Top of STORED DATA

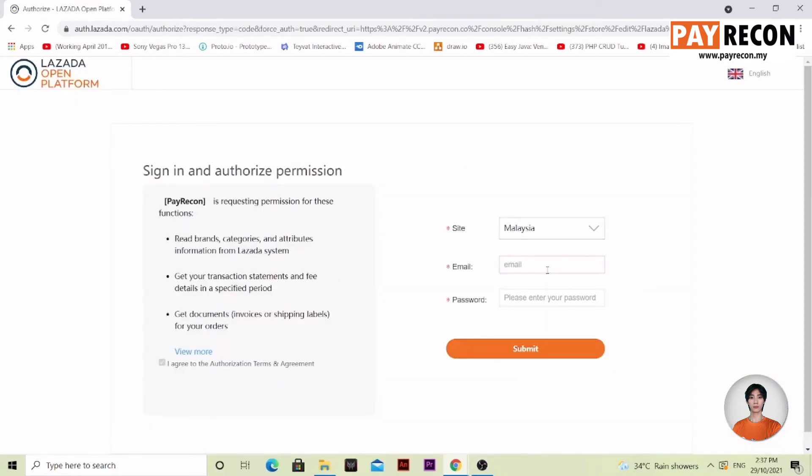Make sure you select your country. Now, we'll log in. After entering your details, press submit.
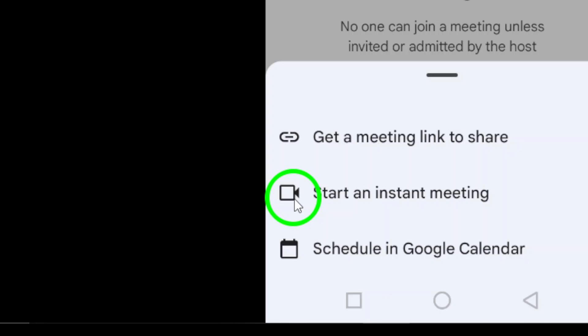And there you have it. You're all set to call your friends or colleagues directly through Gmail.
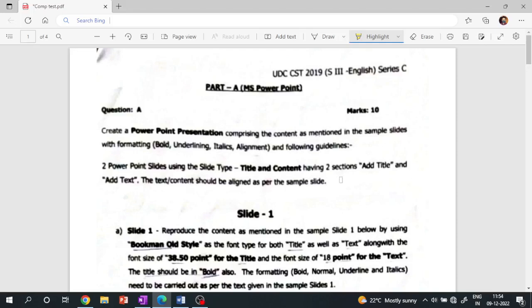Hello everyone, welcome to Maths Plus. I am going to do our ADRE computer skill tester practice set. I am going to do our team number one practice set. I am going to do our ESSE UDC 2019 computer tester question paper.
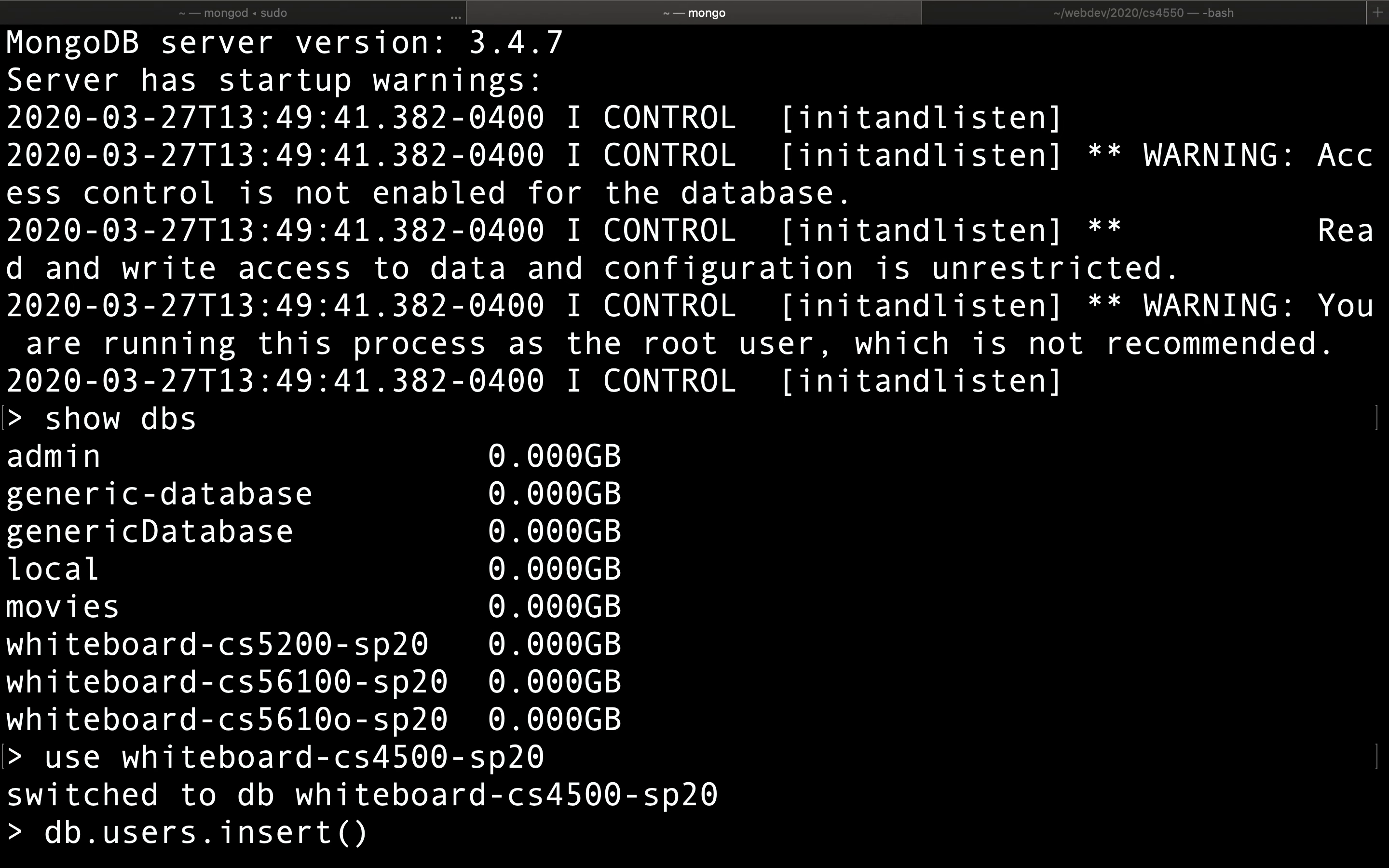It's inserting documents into the users collection. And to insert a document, we use the JSON format for objects that we're going to store. So for instance, we might insert a couple of users.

Bottom of STORED DATA

For the material above, repeat each line exactly and leave out the pictures.

Make sure you select your country. Now, we'll log in. After entering your details, press submit.
And there you have it. You're all set to call your friends or colleagues directly through Gmail.
Hello everyone, welcome to Maths Plus. I am going to do our ADRE computer skill tester practice set. I am going to do our team number one practice set. I am going to do our ESSE UDC 2019 computer tester question paper.
It's inserting documents into the users collection. And to insert a document, we use the JSON format for objects that we're going to store. So for instance, we might insert a couple of users.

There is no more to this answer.